> **Task details**:
Could you transcribe each record below exactly as written, setting the pictures aside?

> **The input**:
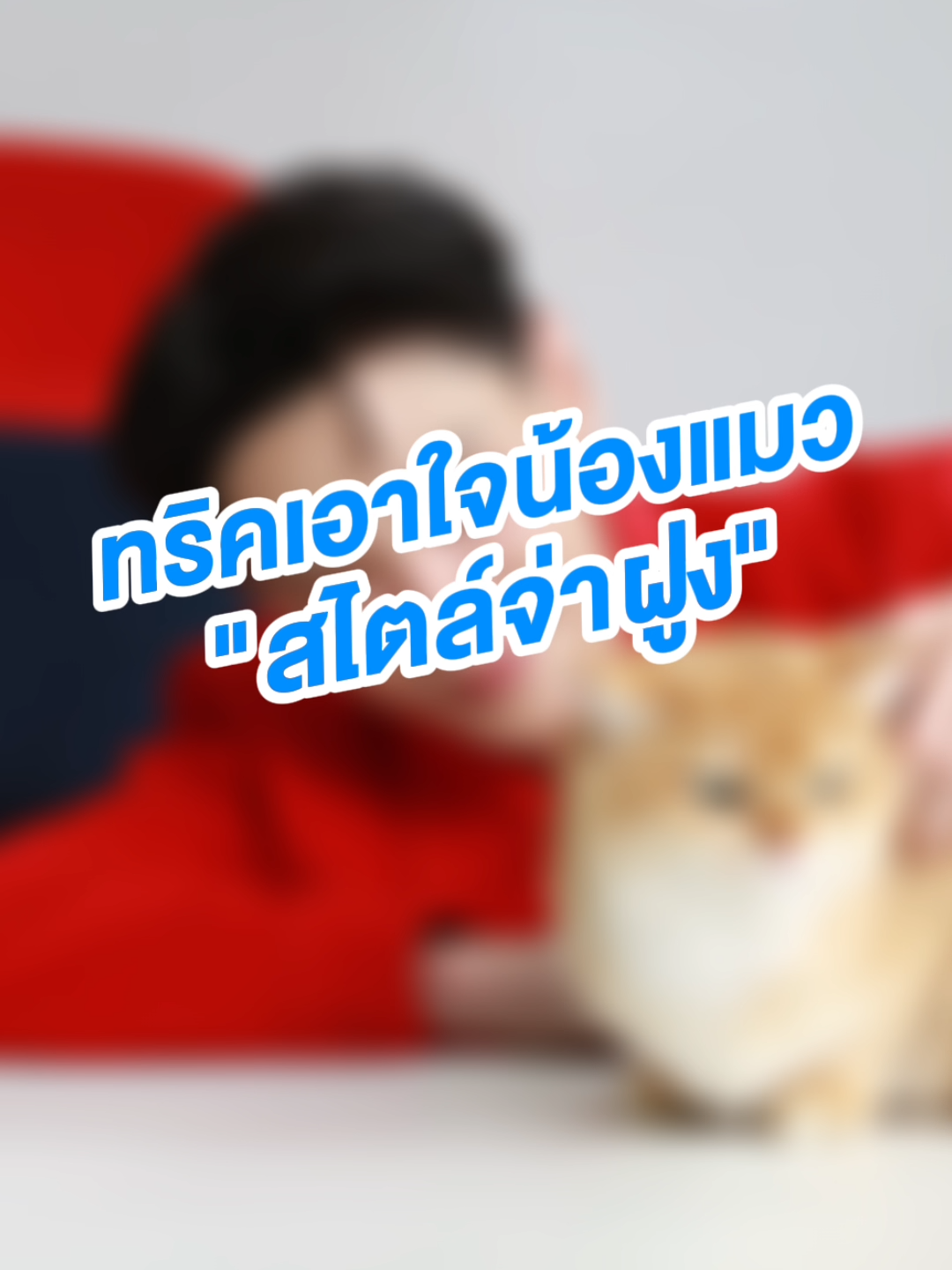 จ่าฝูง เอาใจใส่ ดูแลน้องเหมียวดีขนาดนี้ 🐱 น้องเหมียวตัวไหน ก็ต้องเปลี่ยนมากิน CAT n joy แล้ว #CATnjoyxDAOU #ให้ทุกมื้อคือการปกป้อง​ #3พลังเสริมภูมิคุ้มกัน #ต้าห์อู๋จ่าฝูงแมว #EveryMealIsAShield​ #อาหารแมว​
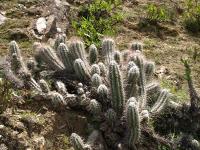 TB294_2_Oreocereus_doelzianus_ssp_calvus.jpg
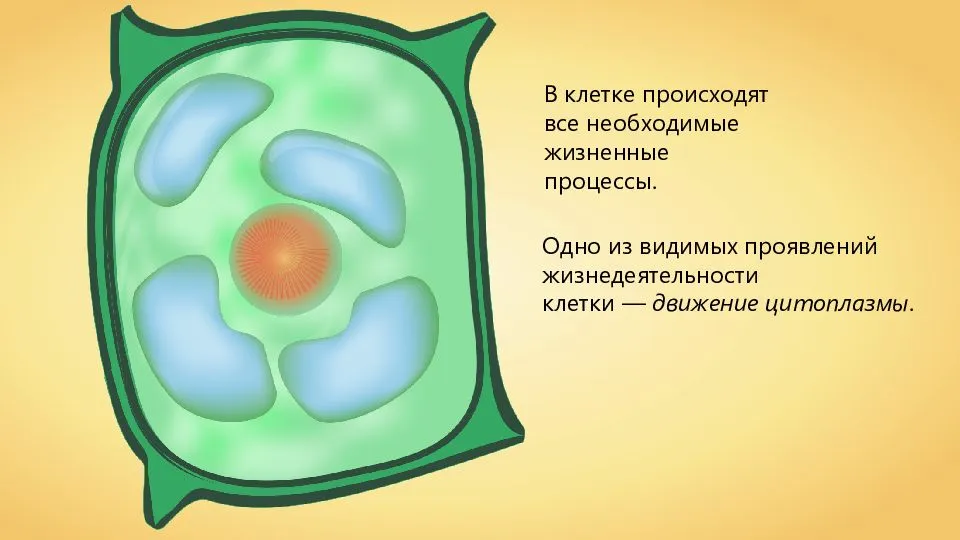 Какие функции выполняет цитоплазма в бактерии?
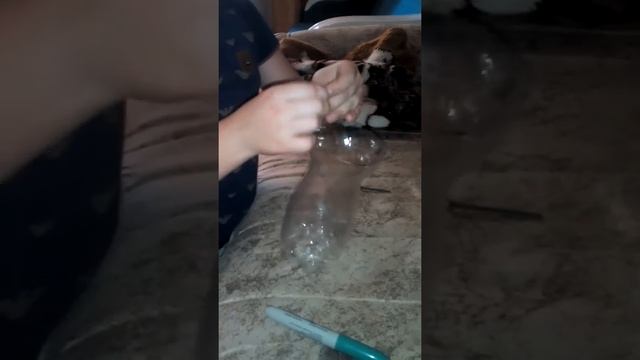 Самодельный отсадник для рыбок. смотреть онлайн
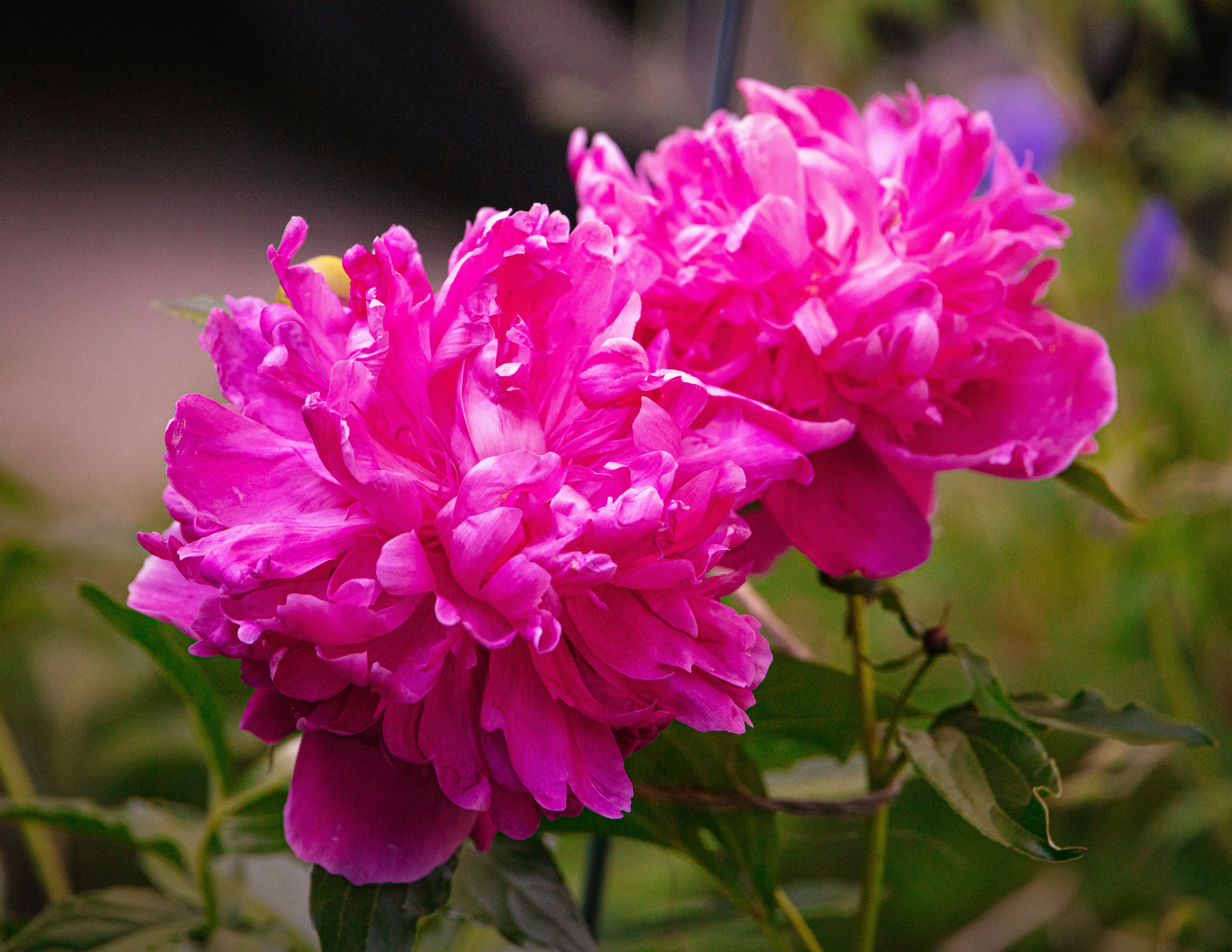 Photo by hanyangzhang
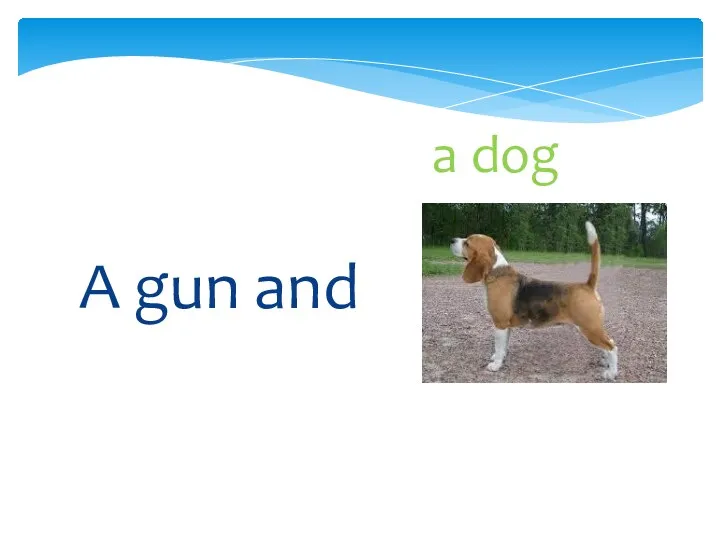 a dog A gun and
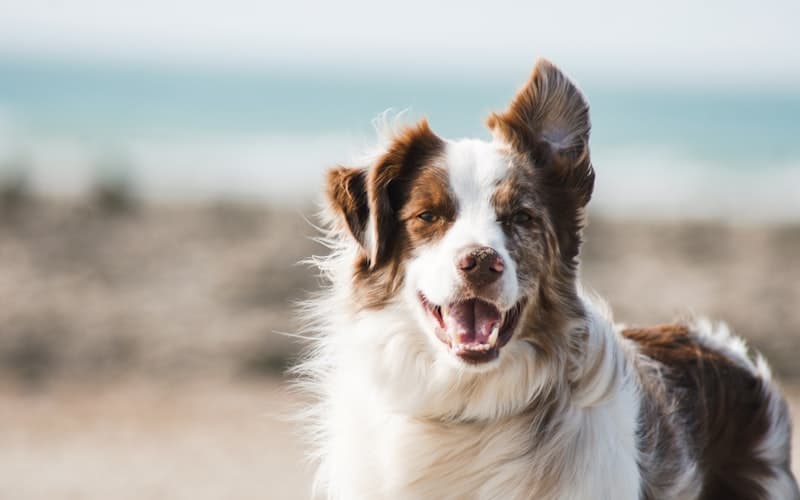How to Create AI Pet Portraits from Your Photos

> **Solution to this task**:
 จ่าฝูง เอาใจใส่ ดูแลน้องเหมียวดีขนาดนี้ 🐱 น้องเหมียวตัวไหน ก็ต้องเปลี่ยนมากิน CAT n joy แล้ว #CATnjoyxDAOU #ให้ทุกมื้อคือการปกป้อง​ #3พลังเสริมภูมิคุ้มกัน #ต้าห์อู๋จ่าฝูงแมว #EveryMealIsAShield​ #อาหารแมว​
 TB294_2_Oreocereus_doelzianus_ssp_calvus.jpg
 Какие функции выполняет цитоплазма в бактерии?
 Самодельный отсадник для рыбок. смотреть онлайн
 Photo by hanyangzhang
 a dog A gun and
How to Create AI Pet Portraits from Your Photos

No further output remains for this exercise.